Spotlight on Adaptive Reuse
Every building has a story, and we love that our work adds new chapters. Whether it started as a candy factory, a middle school, or a grain elevator, we ensure that the next phase of a building’s life offers high quality design that meets the current needs of the community it has been part of for so long.
Emerson Union Historic Apartments
Emerson Union is a historic renovation project located in southwest Minnesota. The site, originally built in 1915, was most recently used as New Ulm High School. Emerson Union is made up of 49 affordable-housing units ranging from one-,two-, and three-bedroom units. The units reflect the historic significance of the former high school, incorporating unique features such as chalk and bulletin boards, many large windows, and some original woodwork. Amenities of the building include a library, a kids recreation room, craft room, fitness room, and a community space.

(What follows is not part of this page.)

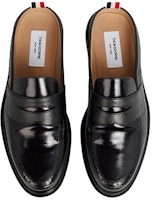 Thom Browne Kasut Penny Loafer 'Black Pebble Grain' Hitam MFL056A06257001 Lookbook Thom Browne Kasut Penny Loafer 'Black Pebble Grain' Hitam MFL056A06257001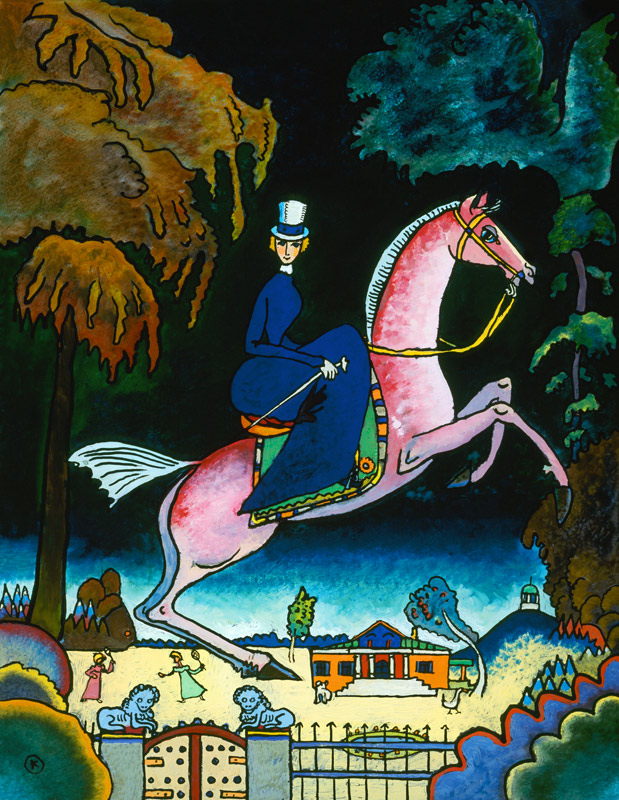 Amazone mit Löwen von Wassily Kandinsky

Nearly a century ago, The Gurley Candy Company, manufacturers of Hidden Treasures chocolates, Cherry Juleps, and other popular treats, built “one of the finest sunlight factories in the Twin Cities.” Today, the historic warehouse has been re-envisioned and rehabilitated into 30 spacious, sunlit apartments with common resident amenities, and 10,000 SF of commercial space.

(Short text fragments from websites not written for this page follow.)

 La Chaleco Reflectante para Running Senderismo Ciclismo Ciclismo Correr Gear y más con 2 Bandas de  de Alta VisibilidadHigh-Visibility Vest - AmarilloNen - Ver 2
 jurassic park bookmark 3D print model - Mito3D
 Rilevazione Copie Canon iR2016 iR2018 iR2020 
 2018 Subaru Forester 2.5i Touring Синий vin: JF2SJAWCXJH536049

Throughout the building, windows were returned to their historic sizes and original mushroom columns were incorporated into the unique apartment layouts. New commercial and retail space on the first floor enlivens the neighborhood with day and evening activity in the neighborhood. In addition, transformed streetscape at the corner of 9th Avenue and 3rd Street North creates a safe and beautiful place for pedestrians. By improving the street experience and adding much needed urban residential units, the Gurley Lofts renovation contributes to the growth of Minneapolis.

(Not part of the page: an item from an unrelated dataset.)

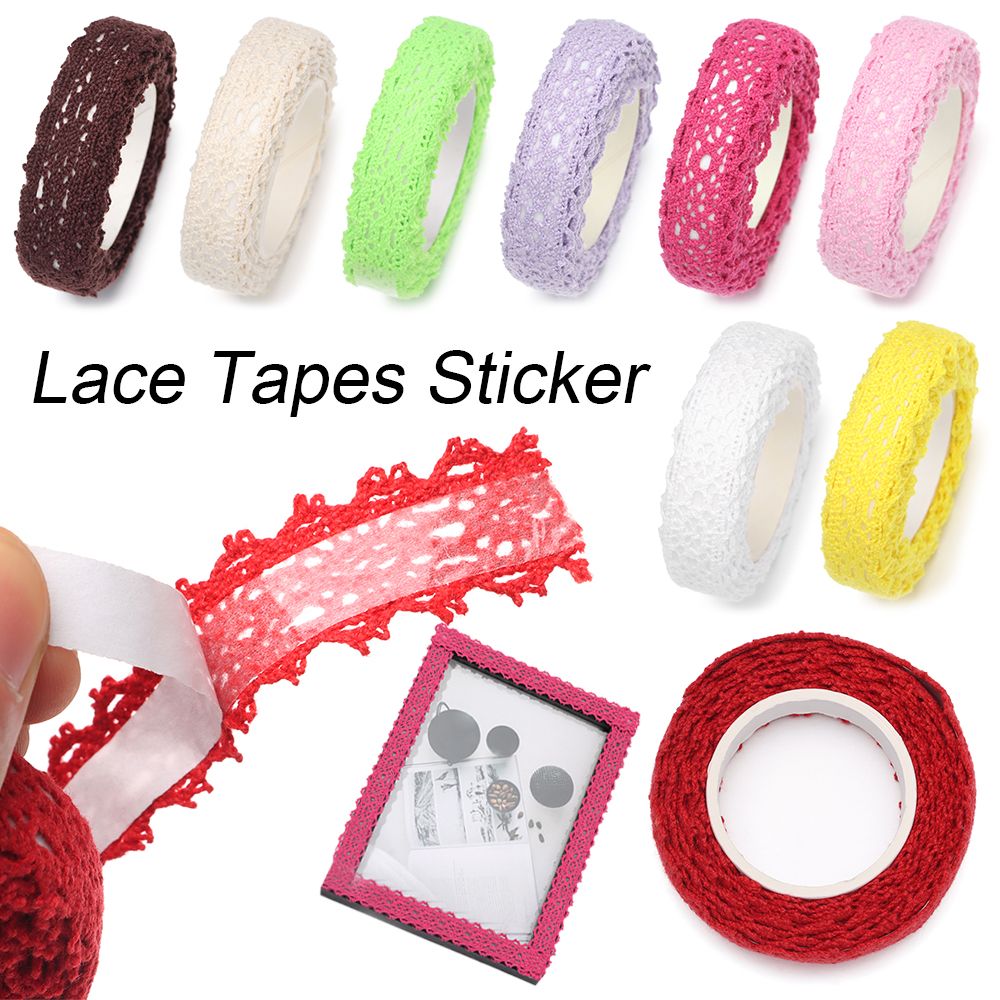 2Yards/pc Lace Tapes Sticker S - Lace Ribbon Trim avaliação e preço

The Cameron Historic Lofts
More than 100 years ago, the four-story Cameron Transfer and Storage Building was designed by C.A.P. Turner, engineer of the Aerial Lift Bridge in Duluth, the Mendota Bridge, and other innovative bridges and buildings.
The adaptive reuse of this historic warehouse included rehabilitating and renovating the space into 44 units of workforce housing – the first to be developed in the North Loop for more than a decade. Units include studio, 1-, and 2- bedroom options that embrace the unique history of the building through exposed brick and high ceilings with exposed beams. Building amenities include a community lounge, outdoor patio space, a fitness center, bicycle storage, and on-site parking.
Located in Northeast Minneapolis, Maya Commons is a six-story apartment building which holds 50 units, ranging in size from studio to 2 bedrooms, and 23 enclosed parking stalls. The design incorporates the historically significant Bunge grain elevator, transforming it into the largest peace pole in North America, and giving it new life as the location of the building’s amenity spaces.
Amenity features include a fitness center, bike storage, and community spaces featuring found art from the site. As mixed-income housing, affordable units are reserved for residents making between 30-50% of Area Market Median. Maya Commons brings modern, affordable living to the Northeast community.